I saw a journaling prompt today that asked: Do you volunteer? If so, what do you love about it? If not, what causes do you feel most passionately about?

I must admit, I never quite feel like a volunteer, even though I am.

I am a volunteer at the Sydney Story Factory. I have worked at their pop-up shop and have participated in their training sessions to be a tutor at the writing centre. Sadly, I have not been a tutor yet as I moved to Canberra soon after my tutor training. What they’re doing at SSF is just brilliant and I am so proud to have been involved even if just for a little while.

Secondly, I am freelancing as an editor at Candlemark & Gleam. C&G publishing–if you haven’t figured out by now–is something that I am insanely passionate about. C&G is doing amazing things in the publishing world. They are trying all sorts of things in this new publishing world, but most of all, they are publishing interesting works. A good story is still core to publishing, and sometimes I feel this has been forgotten by many. I could rant for hours about C&G.

I often, also, talk to senior high-school students about their writing. I give advice on how to get published, I read and edit college entrance essays, and I try to provide assistance with writing in general.
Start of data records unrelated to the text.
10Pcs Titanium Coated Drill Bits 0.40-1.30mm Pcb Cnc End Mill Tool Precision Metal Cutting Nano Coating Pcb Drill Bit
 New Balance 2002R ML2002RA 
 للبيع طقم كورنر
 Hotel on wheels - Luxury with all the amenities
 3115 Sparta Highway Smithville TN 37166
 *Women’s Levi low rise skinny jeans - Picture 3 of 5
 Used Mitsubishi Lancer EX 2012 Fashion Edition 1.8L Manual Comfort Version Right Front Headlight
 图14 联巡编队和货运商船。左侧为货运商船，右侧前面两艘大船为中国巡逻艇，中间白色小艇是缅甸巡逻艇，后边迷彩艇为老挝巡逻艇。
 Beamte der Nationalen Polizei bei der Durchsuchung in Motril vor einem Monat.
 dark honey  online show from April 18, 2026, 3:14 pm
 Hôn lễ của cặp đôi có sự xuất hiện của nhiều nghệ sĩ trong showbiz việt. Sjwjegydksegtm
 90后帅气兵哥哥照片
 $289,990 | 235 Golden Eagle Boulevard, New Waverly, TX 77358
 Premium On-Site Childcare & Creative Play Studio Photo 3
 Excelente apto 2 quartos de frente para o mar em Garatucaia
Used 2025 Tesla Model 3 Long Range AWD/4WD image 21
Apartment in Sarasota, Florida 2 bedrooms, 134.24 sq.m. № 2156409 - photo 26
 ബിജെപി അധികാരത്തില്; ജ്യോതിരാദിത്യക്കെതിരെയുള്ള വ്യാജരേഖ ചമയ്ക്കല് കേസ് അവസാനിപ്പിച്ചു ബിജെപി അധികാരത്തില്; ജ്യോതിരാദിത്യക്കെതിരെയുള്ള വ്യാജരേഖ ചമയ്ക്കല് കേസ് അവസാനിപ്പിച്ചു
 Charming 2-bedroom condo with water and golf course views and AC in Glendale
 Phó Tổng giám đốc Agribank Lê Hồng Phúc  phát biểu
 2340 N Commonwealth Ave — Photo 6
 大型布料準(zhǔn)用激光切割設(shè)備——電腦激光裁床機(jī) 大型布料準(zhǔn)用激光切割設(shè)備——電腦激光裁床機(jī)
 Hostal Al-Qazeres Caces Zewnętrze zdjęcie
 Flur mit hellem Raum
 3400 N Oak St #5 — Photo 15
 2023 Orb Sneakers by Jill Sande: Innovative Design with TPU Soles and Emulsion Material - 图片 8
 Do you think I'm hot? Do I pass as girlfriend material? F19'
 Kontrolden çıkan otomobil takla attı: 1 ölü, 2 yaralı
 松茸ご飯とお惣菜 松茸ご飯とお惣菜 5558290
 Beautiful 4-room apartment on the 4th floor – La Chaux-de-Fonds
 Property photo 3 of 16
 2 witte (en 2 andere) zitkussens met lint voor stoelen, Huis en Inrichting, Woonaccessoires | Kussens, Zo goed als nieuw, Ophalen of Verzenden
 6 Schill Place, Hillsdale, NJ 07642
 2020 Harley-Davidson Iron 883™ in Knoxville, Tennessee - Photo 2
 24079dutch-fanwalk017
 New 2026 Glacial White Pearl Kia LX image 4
I really do love volunteering. Sure it takes up time, but it’s worth it. I was given large amounts of other people’s time dedicated to my future, my career and my writing. I feel it’s only right to pay that time forward to others. In any case, I get to talk about my favourite topics: publishing, writing and technology.

If you’re going to volunteer for anything, make sure it’s something you like and something you want to spend your time doing.